Note: match and search match once/findall match all.
Syntax format: findall( string[, pos[, endpos]])
parameter:
string | The string to be matched |
---|---|
pos | Optional parameter, specify the starting position of the string (default 0) |
endpos | optional parameter, specify the end position of the string, (default total length of the string) |
Examples:
>>> import re
>>> pattern = re.compile(r'\d+') #Find the number
>>> result1 = pattern.findall('runoob 123 google 456')>>> result2 = pattern.findall('run88oob123google456',0,10)>>>print(result1)['123','456']>>>print(result2)['88','12']
re.finditer() function:
-Similar to findall, find all substrings matched by the regular expression in the string and return them as an iterator.
Syntax format: re.finditer( pattern, string, flags=0)
parameter:
pattern | matched regular expression |
---|---|
string | The string to match |
flags | flags |
Examples:
>>> import re
>>> it = re.finditer(r'\d+','12a32bc43jf3')>>>for match in it:print(match.group())1232433
re.split() function:
The split method splits the string according to the substring that can be matched and returns the list list. The syntax is as follows:
re.split( pattern, string[,maxsplit=0, flags=0])
parameter:
pattern | matched regular expression |
---|---|
string | The string to match |
maxsplit | Split times, maxsplit=1>>Split once, the default is 0 Unlimited times |
flags | flags |
Examples:
>>> import re
>>> re.split('\W+','runoob, runoob, runoob.')['runoob','runoob','runoob','']>>> re.split('(\W+)',' runoob, runoob, runoob.')['',' ','runoob',', ','runoob',', ','runoob','.','']>>> re.split('\W+',' runoob, runoob, runoob.',1)['','runoob, runoob, runoob.']>>> re.split('a*','hello world') #For a string that cannot be matched, split will not split it
[' hello world']
Regular expression object:
· Re.compile() returns RegexObject object
·re.MatchObject
group() returns the string matched by RE
——Start(): Returns the position where the match starts
—— end(): Returns the position where the match ends
——Span(): Return a tuple containing the position of the match (start, end)

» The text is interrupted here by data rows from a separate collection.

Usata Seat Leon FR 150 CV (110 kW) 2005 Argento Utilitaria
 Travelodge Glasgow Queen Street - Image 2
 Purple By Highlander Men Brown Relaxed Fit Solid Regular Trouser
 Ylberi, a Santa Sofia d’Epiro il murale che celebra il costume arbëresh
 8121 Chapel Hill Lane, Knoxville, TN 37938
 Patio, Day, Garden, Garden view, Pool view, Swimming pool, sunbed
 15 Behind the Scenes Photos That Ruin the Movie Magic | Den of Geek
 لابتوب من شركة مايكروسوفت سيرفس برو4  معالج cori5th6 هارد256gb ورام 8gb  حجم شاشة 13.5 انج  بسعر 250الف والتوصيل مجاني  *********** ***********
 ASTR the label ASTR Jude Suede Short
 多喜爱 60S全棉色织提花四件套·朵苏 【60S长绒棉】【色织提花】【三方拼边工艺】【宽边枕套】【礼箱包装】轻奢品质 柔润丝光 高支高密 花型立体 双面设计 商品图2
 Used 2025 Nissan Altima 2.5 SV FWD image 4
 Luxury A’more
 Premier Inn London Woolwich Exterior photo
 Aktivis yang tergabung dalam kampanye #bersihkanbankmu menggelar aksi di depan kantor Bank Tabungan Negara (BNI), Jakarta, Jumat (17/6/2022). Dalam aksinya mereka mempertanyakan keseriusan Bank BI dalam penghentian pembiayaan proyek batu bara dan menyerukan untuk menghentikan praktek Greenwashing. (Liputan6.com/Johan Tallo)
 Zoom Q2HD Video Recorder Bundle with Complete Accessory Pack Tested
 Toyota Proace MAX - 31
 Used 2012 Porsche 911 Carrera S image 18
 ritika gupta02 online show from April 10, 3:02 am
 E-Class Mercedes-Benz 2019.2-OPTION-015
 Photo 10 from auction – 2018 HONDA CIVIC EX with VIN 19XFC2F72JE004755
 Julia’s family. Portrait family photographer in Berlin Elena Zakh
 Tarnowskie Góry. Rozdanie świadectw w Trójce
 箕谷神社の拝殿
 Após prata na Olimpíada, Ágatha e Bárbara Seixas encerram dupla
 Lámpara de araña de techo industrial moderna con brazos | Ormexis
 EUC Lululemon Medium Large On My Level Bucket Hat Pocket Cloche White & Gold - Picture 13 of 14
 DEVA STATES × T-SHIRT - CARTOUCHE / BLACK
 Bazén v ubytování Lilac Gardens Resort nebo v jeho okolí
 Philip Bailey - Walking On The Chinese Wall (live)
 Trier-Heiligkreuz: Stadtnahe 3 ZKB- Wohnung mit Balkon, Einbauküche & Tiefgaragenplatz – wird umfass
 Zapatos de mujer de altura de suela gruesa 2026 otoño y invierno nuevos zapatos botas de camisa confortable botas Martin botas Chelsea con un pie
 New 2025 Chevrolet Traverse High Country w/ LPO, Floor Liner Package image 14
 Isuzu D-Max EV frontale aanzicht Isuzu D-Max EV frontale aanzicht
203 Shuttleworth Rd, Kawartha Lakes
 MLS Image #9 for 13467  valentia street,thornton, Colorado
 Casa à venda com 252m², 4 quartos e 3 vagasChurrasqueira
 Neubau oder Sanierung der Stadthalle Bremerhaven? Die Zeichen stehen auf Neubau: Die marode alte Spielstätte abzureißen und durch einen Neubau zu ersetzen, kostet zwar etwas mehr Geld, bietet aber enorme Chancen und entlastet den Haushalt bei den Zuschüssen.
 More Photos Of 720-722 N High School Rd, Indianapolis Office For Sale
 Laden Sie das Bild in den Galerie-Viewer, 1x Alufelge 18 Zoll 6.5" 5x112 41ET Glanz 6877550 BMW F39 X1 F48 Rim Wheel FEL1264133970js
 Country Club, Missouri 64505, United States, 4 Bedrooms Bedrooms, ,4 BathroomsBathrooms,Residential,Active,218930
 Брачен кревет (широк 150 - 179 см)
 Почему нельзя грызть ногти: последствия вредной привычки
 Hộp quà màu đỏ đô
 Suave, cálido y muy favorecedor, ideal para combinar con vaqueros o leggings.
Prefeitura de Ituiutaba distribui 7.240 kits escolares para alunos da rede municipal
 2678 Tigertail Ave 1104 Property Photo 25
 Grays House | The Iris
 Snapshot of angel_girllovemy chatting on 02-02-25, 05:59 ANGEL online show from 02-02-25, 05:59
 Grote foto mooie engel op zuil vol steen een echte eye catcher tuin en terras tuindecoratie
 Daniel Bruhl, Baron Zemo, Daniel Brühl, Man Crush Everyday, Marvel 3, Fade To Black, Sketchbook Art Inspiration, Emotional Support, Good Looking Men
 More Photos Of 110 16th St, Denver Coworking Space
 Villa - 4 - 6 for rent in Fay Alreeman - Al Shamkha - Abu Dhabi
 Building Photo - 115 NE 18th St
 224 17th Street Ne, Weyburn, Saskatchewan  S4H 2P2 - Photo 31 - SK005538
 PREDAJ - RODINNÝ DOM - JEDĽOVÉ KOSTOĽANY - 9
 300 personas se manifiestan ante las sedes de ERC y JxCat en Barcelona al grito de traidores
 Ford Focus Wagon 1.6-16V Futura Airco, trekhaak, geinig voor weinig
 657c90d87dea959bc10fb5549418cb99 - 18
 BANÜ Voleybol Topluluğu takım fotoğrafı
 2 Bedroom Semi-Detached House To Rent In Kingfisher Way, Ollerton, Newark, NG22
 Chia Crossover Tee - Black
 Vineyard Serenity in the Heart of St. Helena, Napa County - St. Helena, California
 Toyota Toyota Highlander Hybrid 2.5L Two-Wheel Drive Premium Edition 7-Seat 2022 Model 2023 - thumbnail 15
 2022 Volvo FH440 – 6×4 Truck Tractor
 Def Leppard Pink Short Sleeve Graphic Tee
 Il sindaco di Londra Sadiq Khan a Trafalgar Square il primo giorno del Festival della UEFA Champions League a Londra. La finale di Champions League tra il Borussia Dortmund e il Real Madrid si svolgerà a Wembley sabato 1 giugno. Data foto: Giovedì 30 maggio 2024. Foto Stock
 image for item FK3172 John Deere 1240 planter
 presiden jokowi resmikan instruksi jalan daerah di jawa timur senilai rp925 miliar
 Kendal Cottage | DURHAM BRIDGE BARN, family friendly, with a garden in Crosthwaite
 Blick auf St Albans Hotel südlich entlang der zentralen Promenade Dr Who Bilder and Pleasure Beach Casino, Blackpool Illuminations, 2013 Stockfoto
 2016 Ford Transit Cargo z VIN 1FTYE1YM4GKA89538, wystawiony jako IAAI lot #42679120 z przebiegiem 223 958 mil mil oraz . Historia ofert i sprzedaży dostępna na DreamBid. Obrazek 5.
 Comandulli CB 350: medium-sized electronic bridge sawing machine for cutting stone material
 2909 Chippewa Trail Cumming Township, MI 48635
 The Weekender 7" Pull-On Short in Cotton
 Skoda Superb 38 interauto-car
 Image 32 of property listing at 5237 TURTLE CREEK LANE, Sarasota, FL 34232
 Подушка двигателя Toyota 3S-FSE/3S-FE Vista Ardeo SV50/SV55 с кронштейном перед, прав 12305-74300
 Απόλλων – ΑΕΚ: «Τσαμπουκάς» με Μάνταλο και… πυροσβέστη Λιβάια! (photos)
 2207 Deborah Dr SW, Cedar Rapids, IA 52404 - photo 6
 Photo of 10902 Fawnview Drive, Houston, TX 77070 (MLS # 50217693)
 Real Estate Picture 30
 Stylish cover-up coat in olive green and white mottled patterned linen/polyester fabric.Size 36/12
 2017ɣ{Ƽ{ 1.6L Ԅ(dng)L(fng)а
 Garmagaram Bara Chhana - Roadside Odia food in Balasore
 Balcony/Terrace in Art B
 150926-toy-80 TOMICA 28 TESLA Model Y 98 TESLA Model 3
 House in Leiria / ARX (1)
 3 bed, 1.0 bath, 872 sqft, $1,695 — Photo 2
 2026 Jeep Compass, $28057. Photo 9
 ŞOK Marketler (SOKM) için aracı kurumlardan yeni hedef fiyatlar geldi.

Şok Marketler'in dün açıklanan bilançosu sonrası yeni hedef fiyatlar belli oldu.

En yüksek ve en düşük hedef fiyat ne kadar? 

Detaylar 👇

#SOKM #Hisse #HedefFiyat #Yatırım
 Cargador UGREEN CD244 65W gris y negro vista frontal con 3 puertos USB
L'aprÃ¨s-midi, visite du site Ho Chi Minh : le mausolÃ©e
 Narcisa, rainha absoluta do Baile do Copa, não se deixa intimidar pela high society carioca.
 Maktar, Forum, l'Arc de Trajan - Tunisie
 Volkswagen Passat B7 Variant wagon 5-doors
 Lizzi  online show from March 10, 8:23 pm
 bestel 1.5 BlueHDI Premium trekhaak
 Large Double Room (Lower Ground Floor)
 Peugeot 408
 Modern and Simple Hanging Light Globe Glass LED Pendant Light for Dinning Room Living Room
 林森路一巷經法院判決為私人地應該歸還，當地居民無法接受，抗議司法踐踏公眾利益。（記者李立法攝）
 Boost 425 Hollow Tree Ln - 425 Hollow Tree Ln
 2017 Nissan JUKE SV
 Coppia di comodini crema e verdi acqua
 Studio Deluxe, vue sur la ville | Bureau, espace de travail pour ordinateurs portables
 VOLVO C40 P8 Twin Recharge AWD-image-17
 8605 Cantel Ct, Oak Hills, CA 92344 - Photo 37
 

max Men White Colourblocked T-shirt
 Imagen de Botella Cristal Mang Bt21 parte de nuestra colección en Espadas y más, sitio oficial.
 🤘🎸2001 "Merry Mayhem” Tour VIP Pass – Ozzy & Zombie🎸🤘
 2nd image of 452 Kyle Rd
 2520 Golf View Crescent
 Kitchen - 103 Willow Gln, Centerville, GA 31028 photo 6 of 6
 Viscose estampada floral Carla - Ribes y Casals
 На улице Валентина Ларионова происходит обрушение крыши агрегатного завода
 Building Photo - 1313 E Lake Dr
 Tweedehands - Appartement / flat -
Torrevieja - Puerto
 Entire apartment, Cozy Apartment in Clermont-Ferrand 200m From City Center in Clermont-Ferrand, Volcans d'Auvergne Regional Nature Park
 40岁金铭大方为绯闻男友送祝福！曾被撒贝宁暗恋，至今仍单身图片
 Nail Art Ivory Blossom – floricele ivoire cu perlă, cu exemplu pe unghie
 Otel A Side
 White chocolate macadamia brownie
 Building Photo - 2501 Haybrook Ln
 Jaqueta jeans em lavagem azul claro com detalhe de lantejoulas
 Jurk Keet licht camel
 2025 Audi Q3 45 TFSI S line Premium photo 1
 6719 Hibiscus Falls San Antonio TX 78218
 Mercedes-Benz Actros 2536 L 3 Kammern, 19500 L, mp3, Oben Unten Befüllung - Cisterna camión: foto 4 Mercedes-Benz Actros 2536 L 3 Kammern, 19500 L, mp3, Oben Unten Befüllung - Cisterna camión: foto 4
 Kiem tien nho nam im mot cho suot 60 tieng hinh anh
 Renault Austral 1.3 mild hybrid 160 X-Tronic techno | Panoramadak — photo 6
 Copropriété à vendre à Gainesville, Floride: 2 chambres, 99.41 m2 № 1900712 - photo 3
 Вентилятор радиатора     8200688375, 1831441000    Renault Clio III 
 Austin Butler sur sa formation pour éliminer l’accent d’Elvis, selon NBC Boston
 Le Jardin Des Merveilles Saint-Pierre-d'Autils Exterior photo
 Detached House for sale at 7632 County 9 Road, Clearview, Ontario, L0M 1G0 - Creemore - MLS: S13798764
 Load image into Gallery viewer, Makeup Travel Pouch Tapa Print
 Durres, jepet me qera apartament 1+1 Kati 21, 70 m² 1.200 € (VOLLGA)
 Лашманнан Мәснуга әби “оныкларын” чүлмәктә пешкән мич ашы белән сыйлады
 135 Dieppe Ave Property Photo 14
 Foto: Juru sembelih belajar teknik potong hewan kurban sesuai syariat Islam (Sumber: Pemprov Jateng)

Regular expression modifiers-optional flags:
Regular expressions can contain some optional flag modifiers to control the matching pattern; the modifier is designated as an optional flag; multiple flags can be specified by bitwise OR (I) them. (For example, re.I | re.M is set to I and M signs):
Modifier | Function |
---|---|
re.I | Make matching case insensitive (ignore case) |
re.L | Do locale-aware matching |
re.M | Multi-line matching, affects ^ and $ |
re.S | Make. match all characters including newline |
re.U | Analyze characters according to the Unicode character set, this flag affects \w,\W,\b,\B |
re.X | This flag gives you a more flexible format so that you can write regular expressions easier to understand |
Regular expression pattern:
·The pattern string uses a special syntax to represent a regular expression;
· Letters and numbers represent themselves; letters and numbers in a regular expression pattern match the same string;
·Most letters and numbers have different meanings when you add a backslash before them;
·Punctuation marks match themselves only when they are escaped, otherwise they have a special meaning;
·The backslash itself needs to be escaped with a backslash;
· Since regular expressions usually contain backslashes, you'd better use raw strings to represent them.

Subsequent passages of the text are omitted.